■ WORK TASK: The result should be a verbatim copy of the whole listing.

━━━━━━━━━━

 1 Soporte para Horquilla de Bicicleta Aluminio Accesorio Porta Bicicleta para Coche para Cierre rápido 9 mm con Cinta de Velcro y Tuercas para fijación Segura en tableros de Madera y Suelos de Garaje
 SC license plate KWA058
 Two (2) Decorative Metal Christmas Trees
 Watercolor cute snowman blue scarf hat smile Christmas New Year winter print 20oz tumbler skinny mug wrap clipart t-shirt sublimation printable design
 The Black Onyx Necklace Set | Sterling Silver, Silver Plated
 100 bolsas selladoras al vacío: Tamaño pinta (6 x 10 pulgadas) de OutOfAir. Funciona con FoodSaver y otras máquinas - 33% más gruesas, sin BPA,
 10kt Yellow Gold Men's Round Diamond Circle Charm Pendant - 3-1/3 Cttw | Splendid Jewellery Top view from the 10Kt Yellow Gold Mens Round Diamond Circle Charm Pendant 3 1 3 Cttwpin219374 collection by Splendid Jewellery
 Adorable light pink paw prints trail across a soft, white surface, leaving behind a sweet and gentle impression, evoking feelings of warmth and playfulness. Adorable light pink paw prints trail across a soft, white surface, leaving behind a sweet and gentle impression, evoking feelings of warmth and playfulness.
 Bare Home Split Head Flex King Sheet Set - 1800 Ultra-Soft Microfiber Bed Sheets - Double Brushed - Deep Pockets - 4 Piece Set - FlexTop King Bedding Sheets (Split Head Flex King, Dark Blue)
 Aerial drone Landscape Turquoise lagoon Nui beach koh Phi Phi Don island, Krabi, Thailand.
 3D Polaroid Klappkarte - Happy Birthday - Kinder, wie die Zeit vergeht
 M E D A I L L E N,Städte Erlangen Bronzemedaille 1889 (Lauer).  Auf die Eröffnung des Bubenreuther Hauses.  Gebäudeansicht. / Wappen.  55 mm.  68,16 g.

━━━━━━━━━━

■ ANSWER BELOW:
 1 Soporte para Horquilla de Bicicleta Aluminio Accesorio Porta Bicicleta para Coche para Cierre rápido 9 mm con Cinta de Velcro y Tuercas para fijación Segura en tableros de Madera y Suelos de Garaje
 SC license plate KWA058
 Two (2) Decorative Metal Christmas Trees
 Watercolor cute snowman blue scarf hat smile Christmas New Year winter print 20oz tumbler skinny mug wrap clipart t-shirt sublimation printable design
 The Black Onyx Necklace Set | Sterling Silver, Silver Plated
 100 bolsas selladoras al vacío: Tamaño pinta (6 x 10 pulgadas) de OutOfAir. Funciona con FoodSaver y otras máquinas - 33% más gruesas, sin BPA,
 10kt Yellow Gold Men's Round Diamond Circle Charm Pendant - 3-1/3 Cttw | Splendid Jewellery Top view from the 10Kt Yellow Gold Mens Round Diamond Circle Charm Pendant 3 1 3 Cttwpin219374 collection by Splendid Jewellery
 Adorable light pink paw prints trail across a soft, white surface, leaving behind a sweet and gentle impression, evoking feelings of warmth and playfulness. Adorable light pink paw prints trail across a soft, white surface, leaving behind a sweet and gentle impression, evoking feelings of warmth and playfulness.
 Bare Home Split Head Flex King Sheet Set - 1800 Ultra-Soft Microfiber Bed Sheets - Double Brushed - Deep Pockets - 4 Piece Set - FlexTop King Bedding Sheets (Split Head Flex King, Dark Blue)
 Aerial drone Landscape Turquoise lagoon Nui beach koh Phi Phi Don island, Krabi, Thailand.
 3D Polaroid Klappkarte - Happy Birthday - Kinder, wie die Zeit vergeht
 M E D A I L L E N,Städte Erlangen Bronzemedaille 1889 (Lauer).  Auf die Eröffnung des Bubenreuther Hauses.  Gebäudeansicht. / Wappen.  55 mm.  68,16 g.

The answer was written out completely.